EXERCISE AIM>
Please transcribe the data that follows exactly as given, leaving out every picture.

*** Opening EXERCISE DATA ***

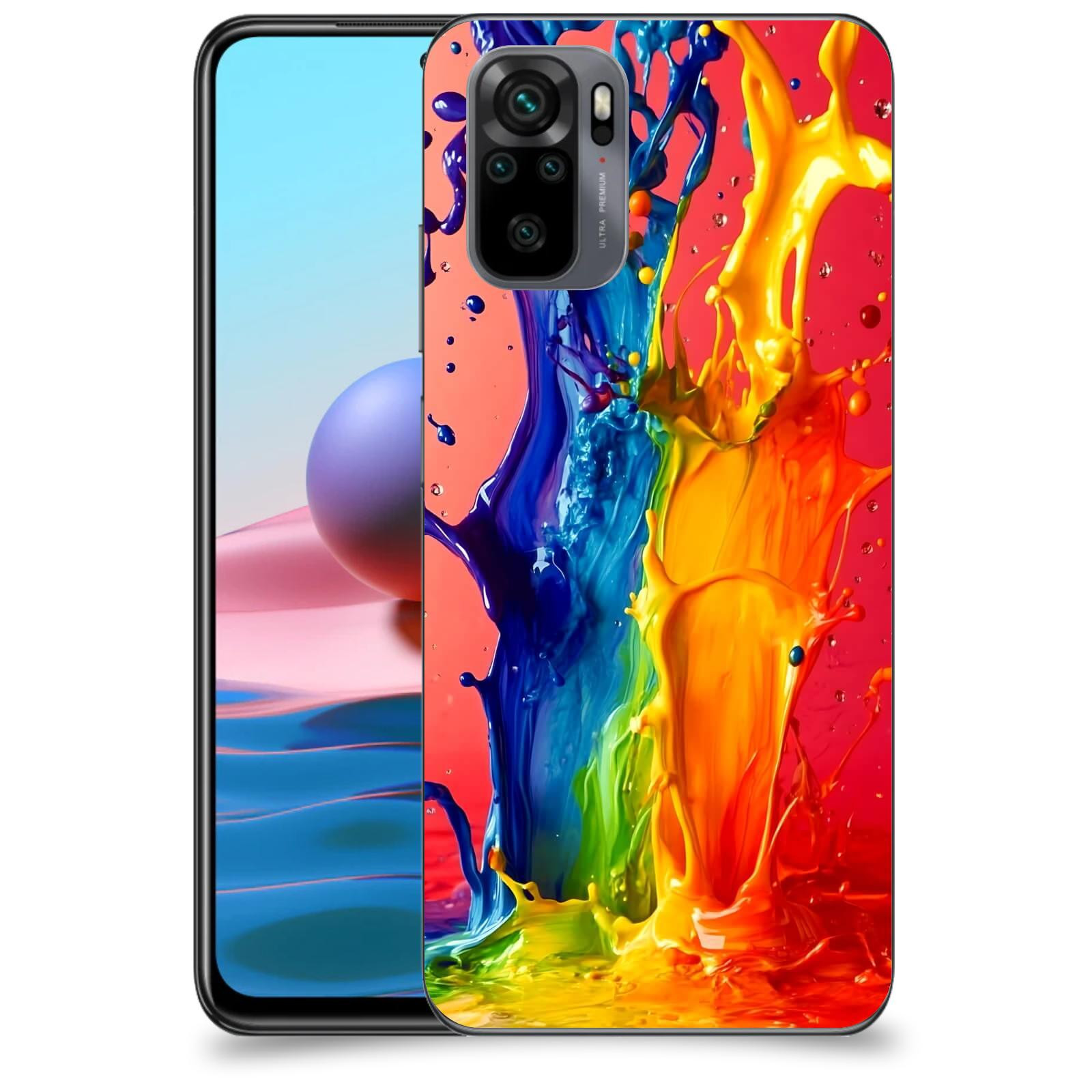 ACOVER Kryt na mobil Xiaomi Redmi Note 10 - Energie a Srážka
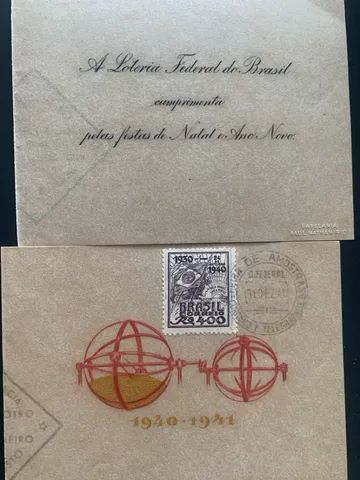 Selo raro de natal de  1940 do Brasil 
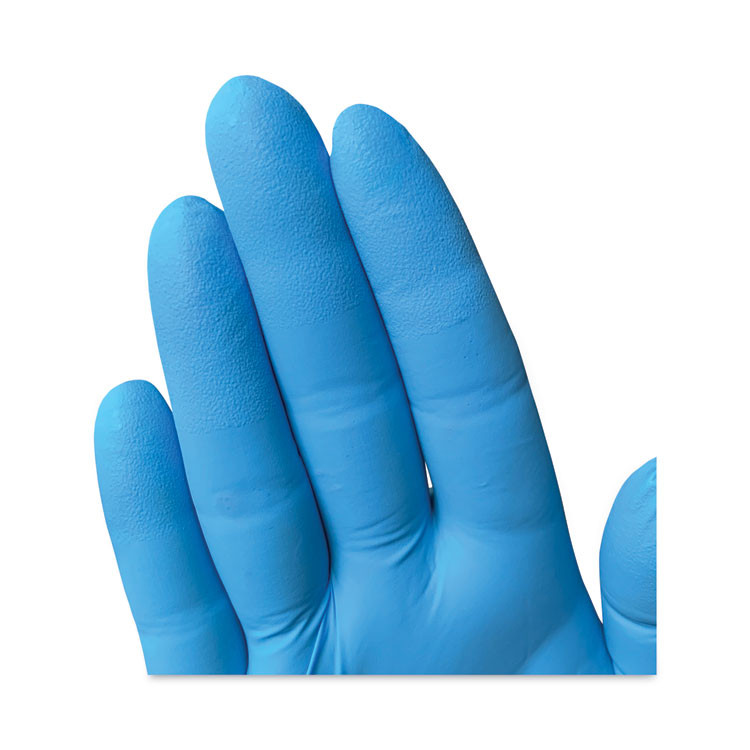 SMITH AND WESSON KleenGuard™ 54424 G10 2PRO Nitrile Gloves, Powder-Free, X-Large, 6 mil Thick, 9.5" Long, Blue, 90/Box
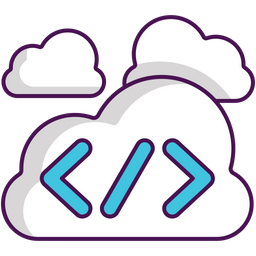 Cloud Coding  Icon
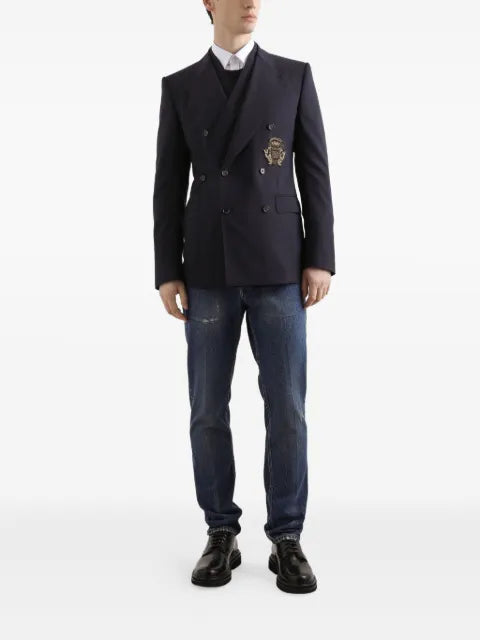 Dolce & Gabbana round-neck cashmere sweater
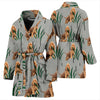 Bloodhound dog Print Women's Bath Robe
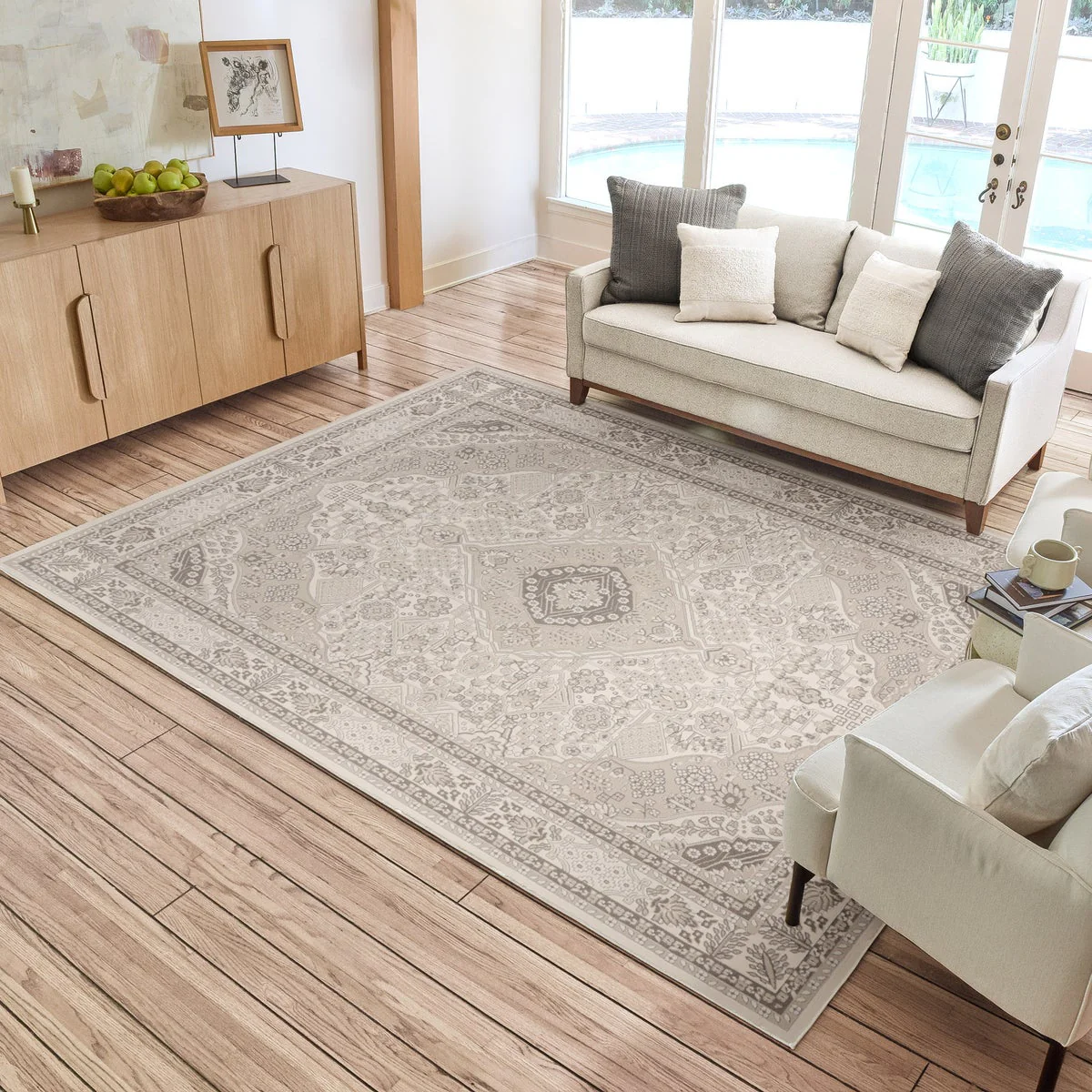 Helios Area Rug Collection, Parsons Gray - 7ft. 10in x 10ft. - Image 2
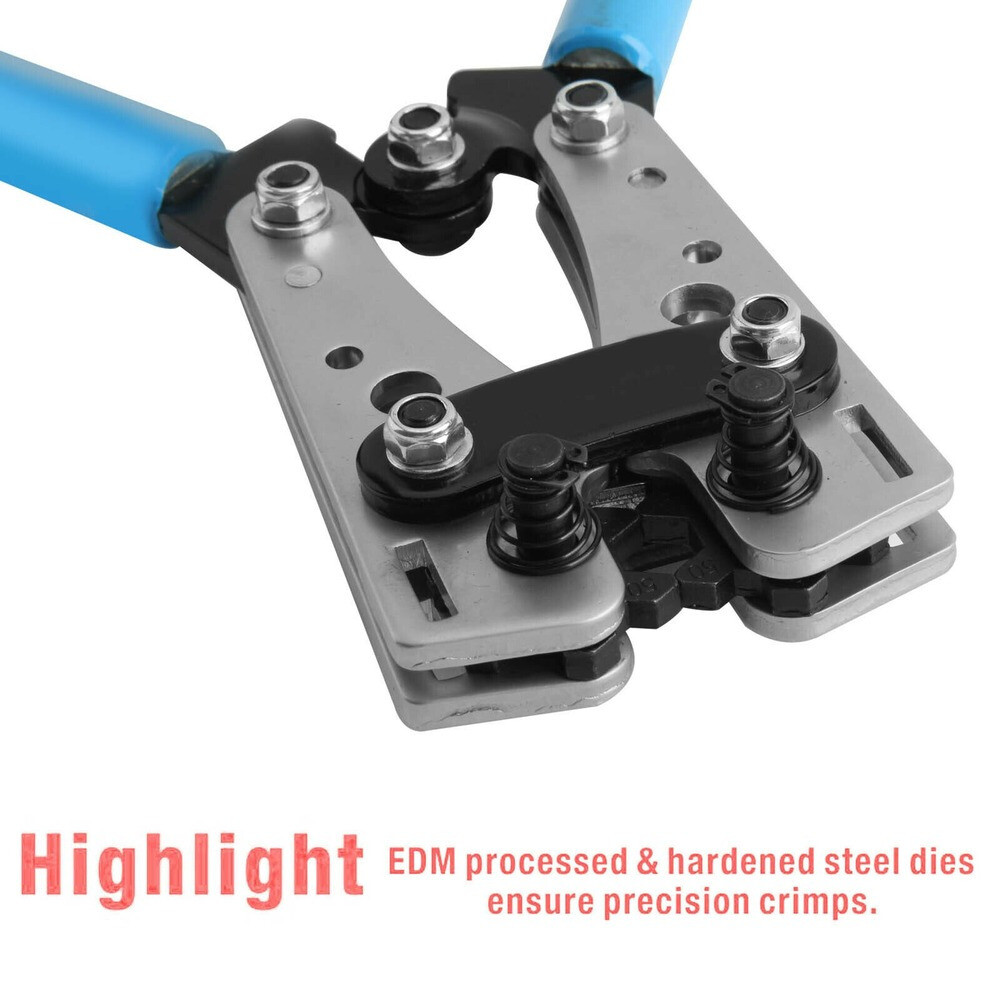 Cable Lug HX-50B 6-50mm² Crimp Pliers Wire Connector Cu/Al Terminal Crimper Tool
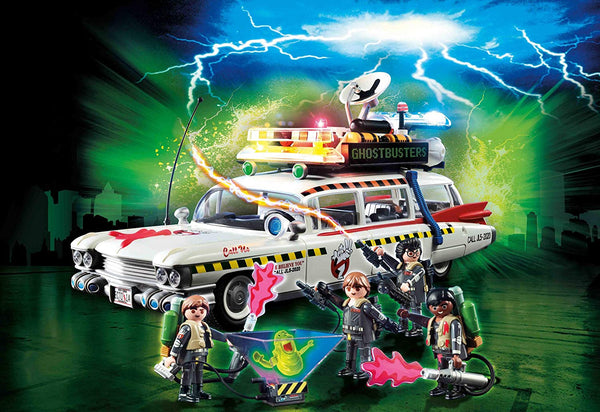 Box Damaged Playmobil Ghostbusters 70170 Ecto-1A with Light and Sound Effects for Children Ages 6+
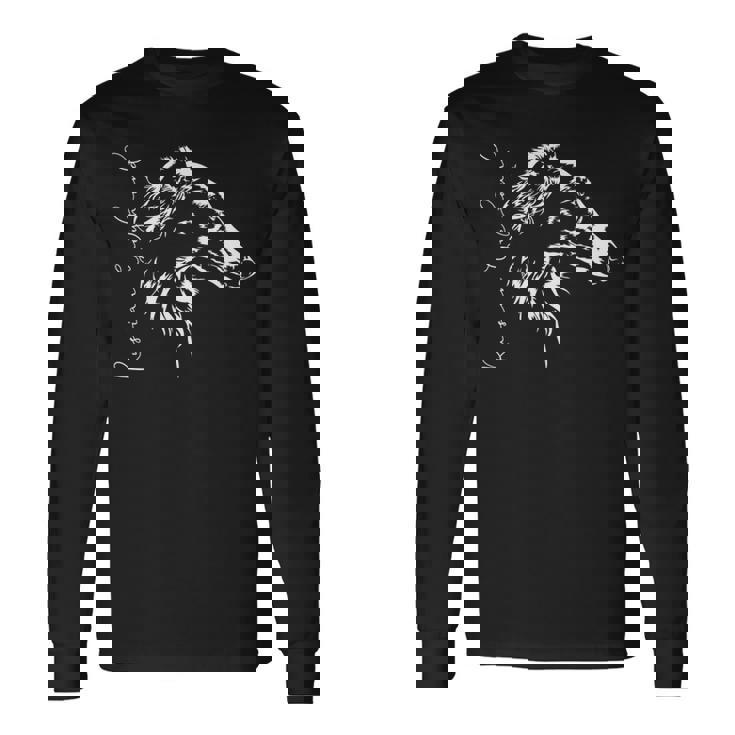 Proud ロシアグレイハウンド ボルゾイ犬 ポートレートギフト 長袖tシャツ 長袖Tシャツ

*** Closing EXERCISE DATA ***

OUTPUT FOR THIS EXERCISE>
 ACOVER Kryt na mobil Xiaomi Redmi Note 10 - Energie a Srážka
 Selo raro de natal de  1940 do Brasil 
 SMITH AND WESSON KleenGuard™ 54424 G10 2PRO Nitrile Gloves, Powder-Free, X-Large, 6 mil Thick, 9.5" Long, Blue, 90/Box
 Cloud Coding  Icon
 Dolce & Gabbana round-neck cashmere sweater
 Bloodhound dog Print Women's Bath Robe
 Helios Area Rug Collection, Parsons Gray - 7ft. 10in x 10ft. - Image 2
 Cable Lug HX-50B 6-50mm² Crimp Pliers Wire Connector Cu/Al Terminal Crimper Tool
 Box Damaged Playmobil Ghostbusters 70170 Ecto-1A with Light and Sound Effects for Children Ages 6+
 Proud ロシアグレイハウンド ボルゾイ犬 ポートレートギフト 長袖tシャツ 長袖Tシャツ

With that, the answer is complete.